4 medium skinless, boneless chicken breast halves
salt & pepper
1 Tbsp. cooking oil
1 8 oz. can pineapple chunks in juice (drain the pineapple and reserve the juice)
1/2 cup jellied cranberry sauce
2 Tbsp. cornstarch
2 Tbsp. packed brown sugar
2 Tbsp. rice vinegar or cider vinegar
2 Tbsp. frozen orange juice concentrate, thawed
2 Tbsp. dry sherry, chicken broth, or water
2 Tbsp. soy sauce
1/4 tsp. ground ginger
1 medium green sweet pepper, cut into bite-size strips or pieces

After cutting the chicken, season it with the salt and pepper and cook it two minutes per side, or until slightly browned. Place the chicken in one layer in an oven-safe casserole dish. Place the pineapple chunks in the dish with the chicken.

To make the sweet & sour sauce, whisk together in a medium saucepan the reserved pineapple juice, the cranberry sauce, cornstarch, brown sugar, vinegar, orange juice concentrate, sherry/chicken broth/water, soy sauce, and ginger.

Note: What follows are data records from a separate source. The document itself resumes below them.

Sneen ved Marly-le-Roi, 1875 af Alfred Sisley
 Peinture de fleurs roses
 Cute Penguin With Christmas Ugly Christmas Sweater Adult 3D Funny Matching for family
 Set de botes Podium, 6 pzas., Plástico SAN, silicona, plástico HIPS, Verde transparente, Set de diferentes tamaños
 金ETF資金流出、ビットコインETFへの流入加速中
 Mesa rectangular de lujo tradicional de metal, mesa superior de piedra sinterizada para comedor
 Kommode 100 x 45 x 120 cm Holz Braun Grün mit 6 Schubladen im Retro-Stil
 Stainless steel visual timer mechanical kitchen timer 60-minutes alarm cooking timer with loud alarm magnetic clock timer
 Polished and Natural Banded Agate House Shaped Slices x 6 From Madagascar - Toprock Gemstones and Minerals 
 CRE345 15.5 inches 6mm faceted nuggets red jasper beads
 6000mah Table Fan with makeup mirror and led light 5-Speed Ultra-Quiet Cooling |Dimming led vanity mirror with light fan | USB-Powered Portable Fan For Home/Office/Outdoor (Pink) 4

Cook and stir over medium heat until thickened and bubbly. Pour over chicken and pineapple in dish.

Cover dish with a lid or aluminum foil and bake in a 350-degree oven for 25 minutes. Uncover and add sweet peppers, stirring gently to coat with sauce. Continue to bake, uncovered, about 5 minutes more or until chicken is done.

Serve with rice. The sauce thickens as it cools, so if it is too thin for your tastes when it comes out of the oven, let it sit a while. Great leftovers!